Activity: Going down the data below, set down exactly the line with "Monterey Blue 2025 Volkswagen Jetta 1.5T SE" and each line after it through the line with "Caixa Térmica 18 Litros Cinza Com Verde Mor"; no other lines.

(Input material begins)

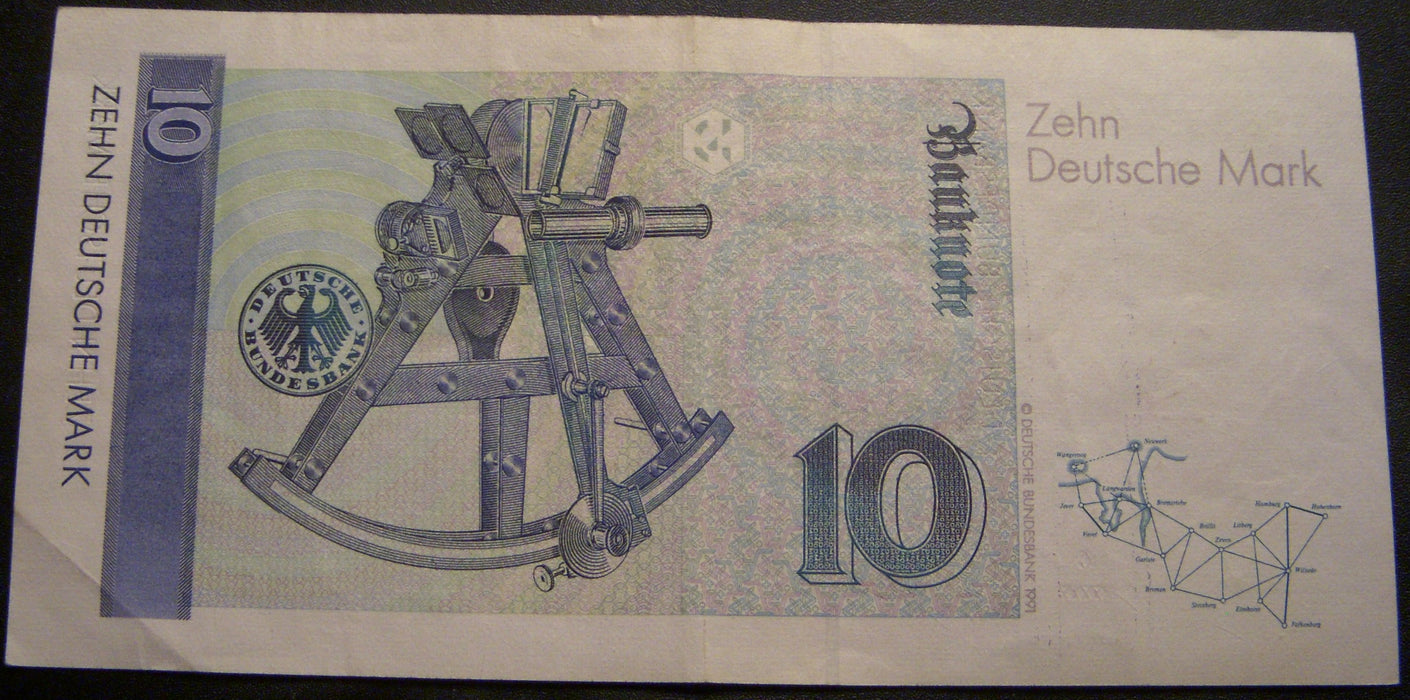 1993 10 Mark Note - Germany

(Input material ends)
(Input material begins)

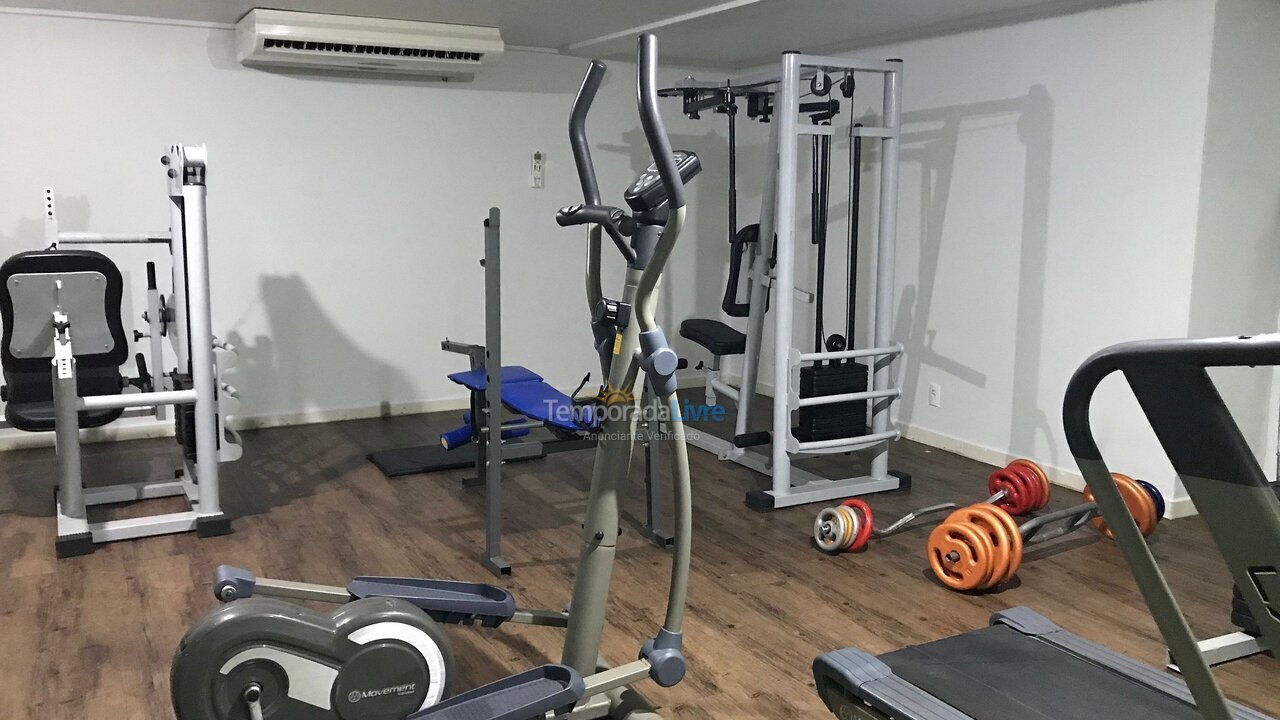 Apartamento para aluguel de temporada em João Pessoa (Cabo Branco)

(Input material ends)
(Input material begins)

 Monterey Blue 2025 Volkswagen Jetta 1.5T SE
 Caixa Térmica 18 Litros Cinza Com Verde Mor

(Input material ends)

Answer to this exercise:
 Monterey Blue 2025 Volkswagen Jetta 1.5T SE
 Caixa Térmica 18 Litros Cinza Com Verde Mor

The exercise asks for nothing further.